Application Instrumentation & Observability

Instrument Java applications with OpenTelemetry spans, metrics, and traces
Work hands-on with development teams to add observability to their code
Guide teams on implementing meaningful SLIs that reflect user experience

Technical Leadership & Enablement

Partner with development teams on system design, capacity planning, and architectural reviews
Provide technical guidance and hands-on support for teams transitioning from traditional deployments to containerized infrastructure
Mentor developers on reliability patterns including circuit breakers, retry logic, and fault tolerance
Lead by example – write production code that demonstrates SRE best practices

Software Development & Automation

Write clean, maintainable code in Java and Python following industry best practices
Build automation tools and CI/CD pipelines that embed reliability practices
Contribute to application codebases to implement instrumentation and reliability patterns
Apply software engineering discipline including version control, code reviews, and testing

What you need for this

Java development experience– Must be able to read, write, and instrument Java code. Deep understanding of JVM internals and experience with complex distributed Java applications

Observability & Instrumentation – Hands-on experience with OpenTelemetry, distributed tracing concepts (spans, trace context propagation), and observability platforms such as Honeycomb, Datadog, Dynatrace, Splunk or Grafana. Strong understanding of OpenTelemetry Collector pipelines, including data transformation, enrichment, and labeling, use of processors (attributes, resource, transform, span, tail sampling), and propagation of custom business identifiers (e.g., customer/tenant/transaction IDs) across services to enable end-to-end trace correlation between heterogeneous systems, applications, and environments.

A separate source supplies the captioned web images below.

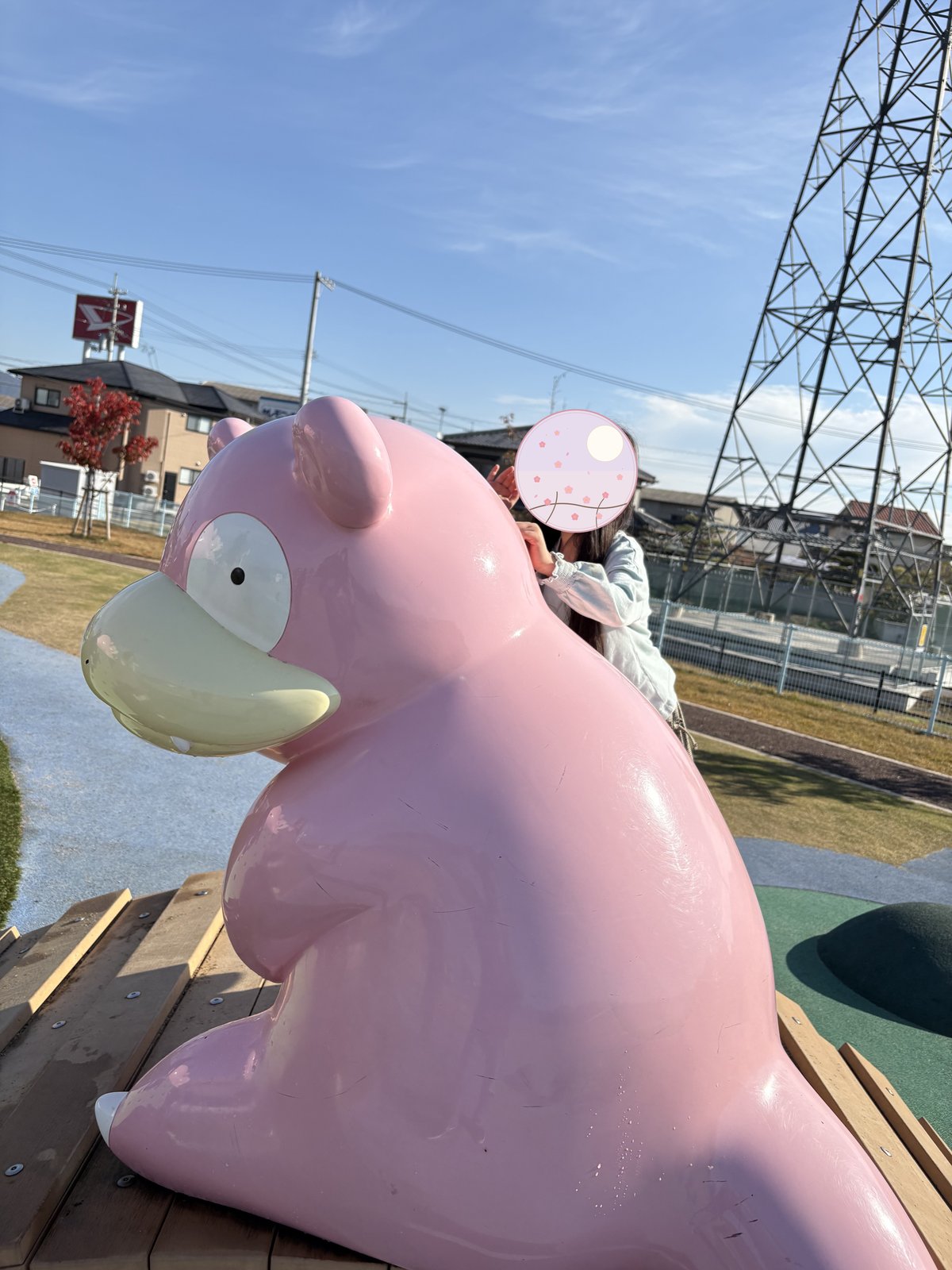 ヤドンの大きなオブジェで遊ぶ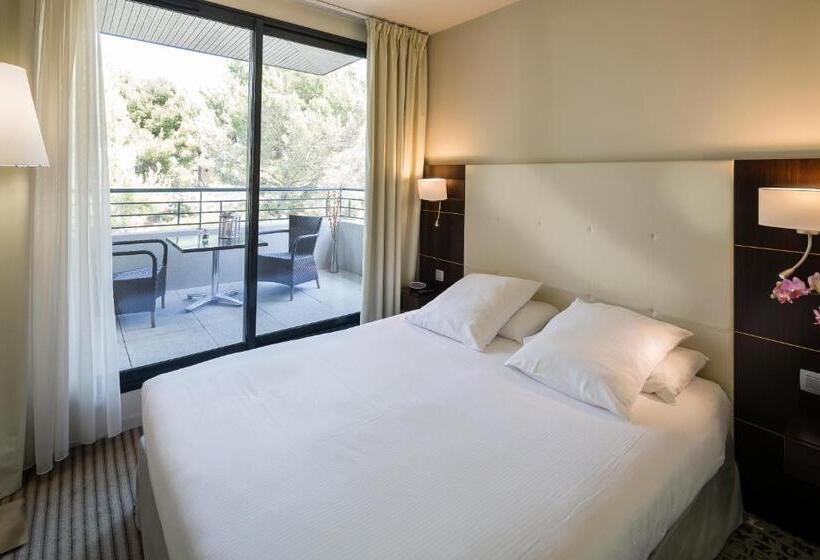 هتل Mercure Aix En Provence La Duranne Gare Tgv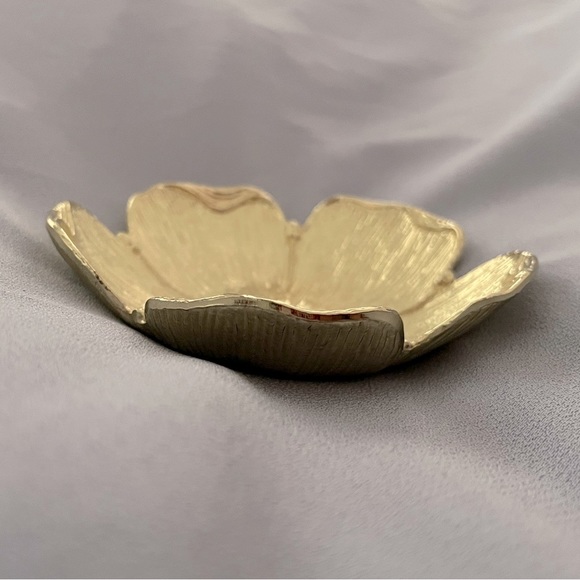 Gold poppy trinket dish - Picture 3 of 5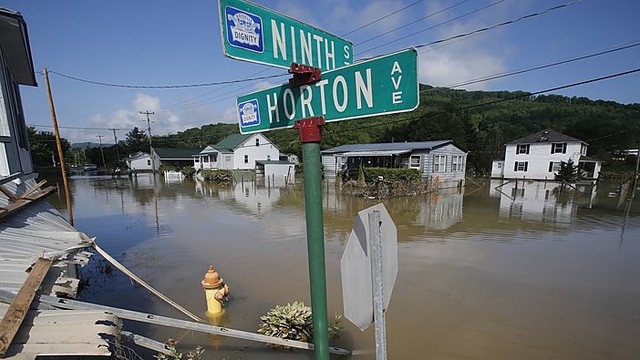 JAV rekordiniai potvyniai nusinešė mažiausiai 24 gyvybes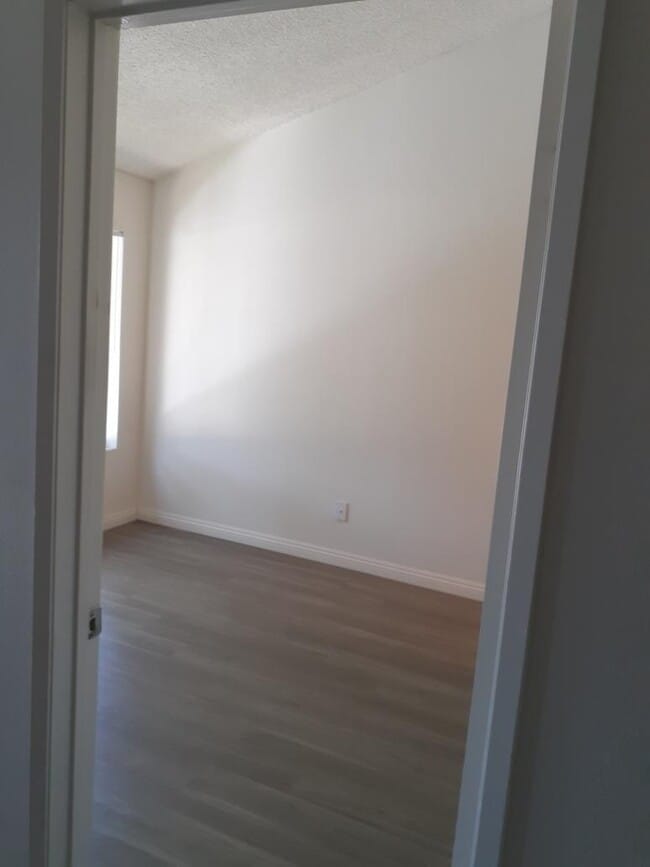 Building Photo - 5161 Huntington Dr N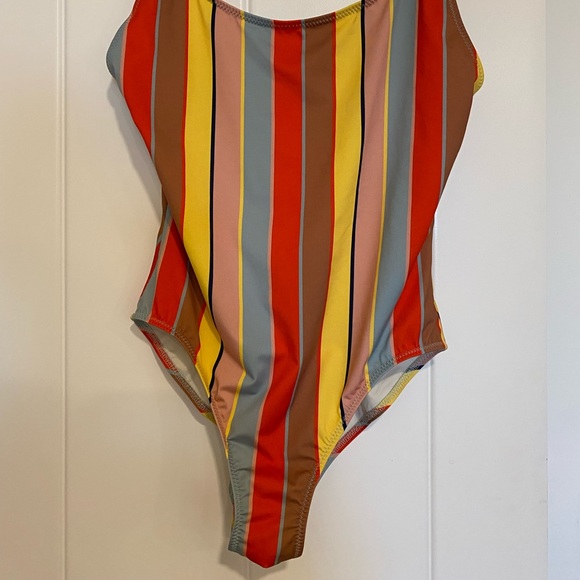 Solid & Striped swimsuit from Revolve - Picture 3 of 5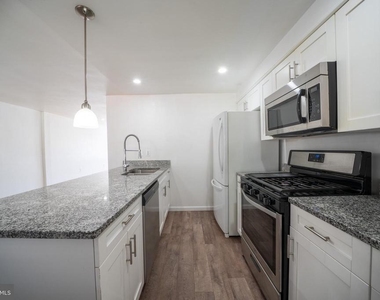 3167 Ryerson - Photo Thumbnail 3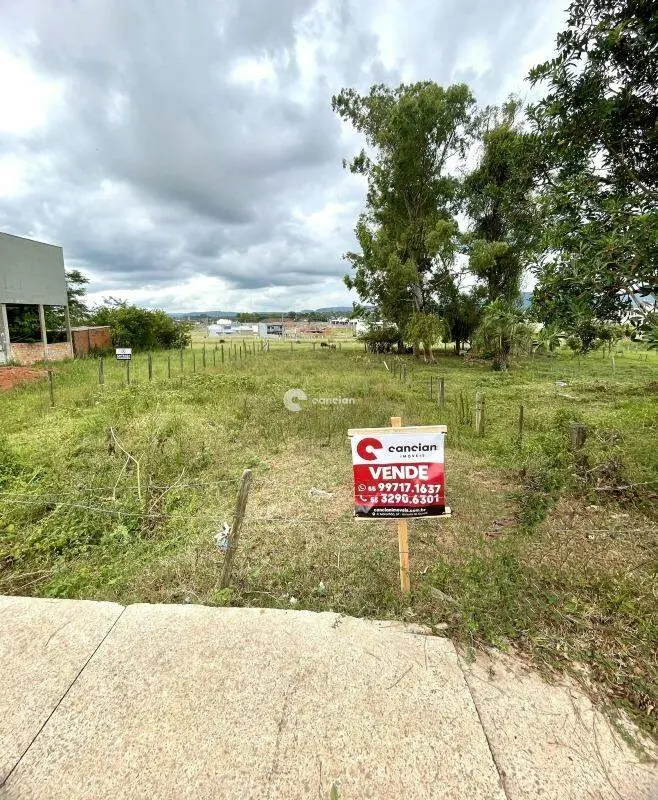 Terreno à venda no Pinheiro Machado: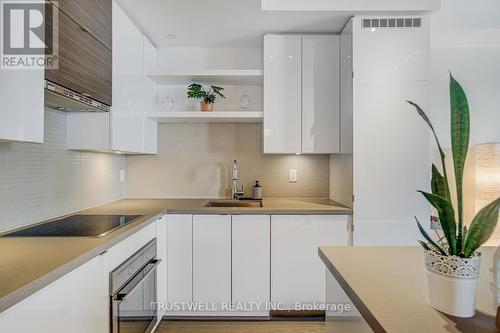 1002 - 59 Annie Craig Drive, Toronto, ON - Indoor Photo Showing Kitchen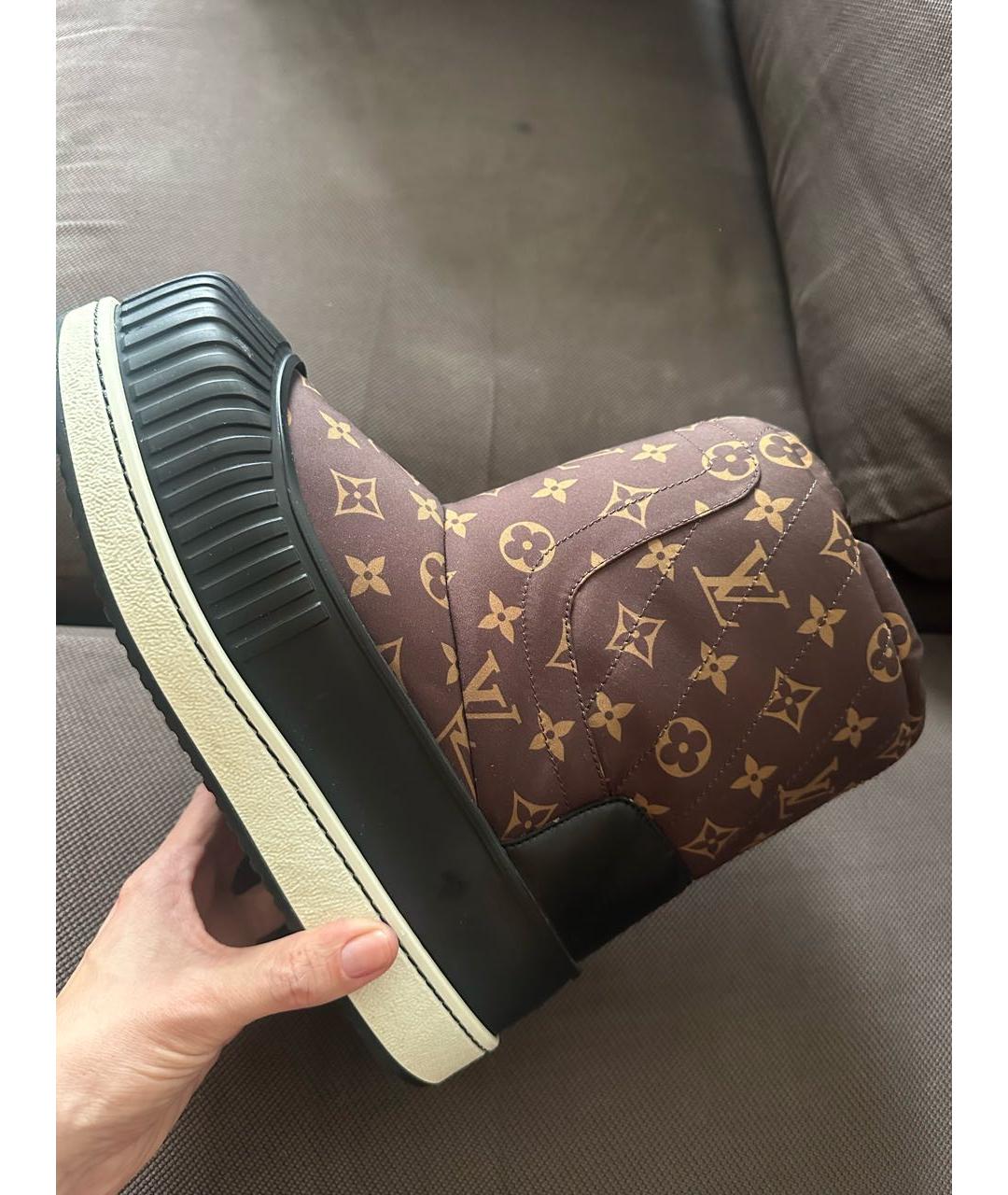 LOUIS VUITTON Коричневые сапоги, фото 3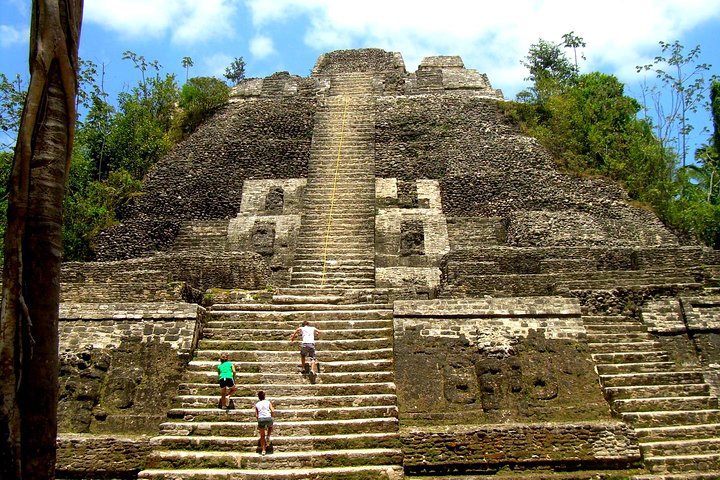 Lamanai Maya Ruin & New River Wildlife Adventure From Belize City - Photo 1 of 5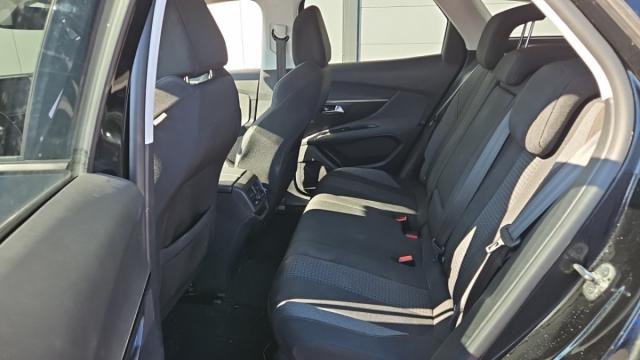 Peugeot 3008 image 9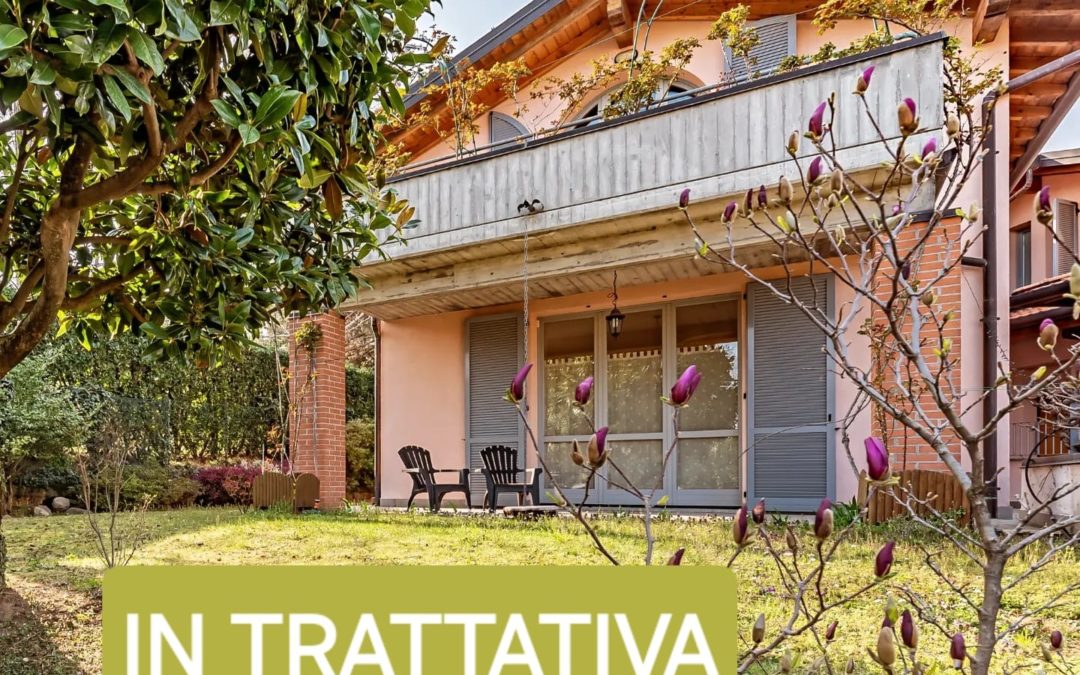 Varese – Velate: elegante villa di testa in classe energetica A3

SLO/SLI Expertise – Proven experience defining SLOs based on SLIs, establishing error budgets, and working with development teams on reliability measurement

Reliability Patterns – Solid understanding of circuit breakers, retry logic, bulkheads, and other fault tolerance patterns

Cloud – AWS & Kubernetes Platform Engineering– Strong hands-on experience with AWS as the primary cloud provider, including production workloads on Amazon EKS. Proven expertise in Kubernetes networking, covering ingress and egress controllers (e.g., ALB / NGINX / Envoy), service configuration and fine-tuning (requests/limits, HPA/VPA, pod disruption budgets, network policies), and traffic management. Demonstrated ability to investigate and optimize performance and reliability using metrics, logs, and traces, complemented by chaos engineering practices (fault injection, node/pod failures, network latency, dependency outages) to validate system resilience and high availability under real-world failure scenarios.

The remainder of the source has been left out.